Finally, a breakthrough. in 2017-18, Winnipeg finished with a 52-20-10 record, good for 2nd in the Central Division and a run to the Conference Finals where they eventually lost to the new kids on the block, the Vegas Golden Knights, 4-1. Each of the next 3 seasons, the Jets made the playoffs, but never got past the 2nd round again. During the 2021-22 season, Paul Maurice voluntarily resigned after a 13-11-5 start. When asked about his resignation, Maurice simply stated,
"I know that it’s time. This is a good thing for the Winnipeg Jets and a good thing for me."- Paul Maurice on his resignation
He had lost his motivation for coaching and felt his voice was not making the impact he felt it should. It was a jarring move, and you can read more about it here.
So here's the question: is Paul Maurice a good fit for the Blackhawks? I think he can be. Like Tocchet, I feel he has extremely valuable experience as he's worked in several different locker rooms from a young age and has been able to evaluate what methods are effective and what's not. He has been a part of teams that were of the worst in the league and he has worked with Stanley Cup finalists.

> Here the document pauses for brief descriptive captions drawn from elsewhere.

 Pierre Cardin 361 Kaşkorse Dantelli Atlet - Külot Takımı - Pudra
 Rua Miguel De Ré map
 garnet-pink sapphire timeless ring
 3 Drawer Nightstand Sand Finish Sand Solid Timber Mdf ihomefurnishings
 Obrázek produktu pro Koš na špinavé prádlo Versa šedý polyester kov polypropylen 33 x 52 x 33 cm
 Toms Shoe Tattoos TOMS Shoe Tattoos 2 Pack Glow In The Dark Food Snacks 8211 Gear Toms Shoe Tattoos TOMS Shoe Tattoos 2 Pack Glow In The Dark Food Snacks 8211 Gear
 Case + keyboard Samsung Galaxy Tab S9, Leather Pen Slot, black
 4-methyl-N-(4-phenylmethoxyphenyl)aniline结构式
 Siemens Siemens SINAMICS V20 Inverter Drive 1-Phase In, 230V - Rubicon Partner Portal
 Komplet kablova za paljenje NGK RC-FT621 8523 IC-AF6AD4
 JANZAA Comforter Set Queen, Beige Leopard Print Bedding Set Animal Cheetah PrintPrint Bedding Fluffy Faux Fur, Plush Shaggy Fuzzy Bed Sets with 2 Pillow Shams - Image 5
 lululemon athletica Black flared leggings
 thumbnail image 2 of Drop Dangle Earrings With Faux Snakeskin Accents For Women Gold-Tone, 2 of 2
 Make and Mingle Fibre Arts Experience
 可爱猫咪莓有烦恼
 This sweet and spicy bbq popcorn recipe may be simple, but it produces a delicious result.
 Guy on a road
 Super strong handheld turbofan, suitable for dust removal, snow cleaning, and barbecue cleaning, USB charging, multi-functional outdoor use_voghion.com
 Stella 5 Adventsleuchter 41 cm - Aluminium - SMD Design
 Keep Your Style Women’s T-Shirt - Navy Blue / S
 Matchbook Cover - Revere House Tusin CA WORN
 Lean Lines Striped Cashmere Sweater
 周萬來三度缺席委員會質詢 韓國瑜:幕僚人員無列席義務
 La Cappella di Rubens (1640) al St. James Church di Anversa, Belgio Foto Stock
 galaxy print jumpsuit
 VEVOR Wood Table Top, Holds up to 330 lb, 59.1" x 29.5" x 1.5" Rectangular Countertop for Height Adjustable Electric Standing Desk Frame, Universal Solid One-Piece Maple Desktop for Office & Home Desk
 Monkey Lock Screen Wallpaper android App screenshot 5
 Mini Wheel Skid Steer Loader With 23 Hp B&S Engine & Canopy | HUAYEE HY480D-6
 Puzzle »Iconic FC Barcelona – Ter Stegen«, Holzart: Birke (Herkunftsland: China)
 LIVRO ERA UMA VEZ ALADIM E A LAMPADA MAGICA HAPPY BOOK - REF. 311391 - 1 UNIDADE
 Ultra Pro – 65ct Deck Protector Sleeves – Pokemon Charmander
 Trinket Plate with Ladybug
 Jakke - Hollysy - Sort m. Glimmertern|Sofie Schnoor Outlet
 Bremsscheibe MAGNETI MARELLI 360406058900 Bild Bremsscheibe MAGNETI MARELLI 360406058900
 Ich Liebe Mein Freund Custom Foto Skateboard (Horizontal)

I think what sticks out most is his time with the Jets. He really seemed to finally come into his own as a coach, and it led to several successful seasons, which is why his resignation was so shocking. If you focus on the fact that he helped two very underperforming teams (when he started with them) in Hartford/Carolina and Winnipeg excel to playoff competition again, you can see why he would be valuable to the Blackhawks. Chicago is another team who has been underperforming and is due to go through a lengthy rebuild. Maurice seems like he may be able to get more out of those players than most, which is why he is worth the look. Of course, this all depends on if he is able to rekindle his motivation in coaching.
All in all, I'd take him above several of the coaches profiled, including Tocchet. Right now he is probably sitting very middle of the pack for me in terms of rankings. I will have a full rankings come out shortly when I am finished with my coaching profiles. Seeing as this is the ninth article about potential coaches, I'd at least put Maurice in the top half of my list.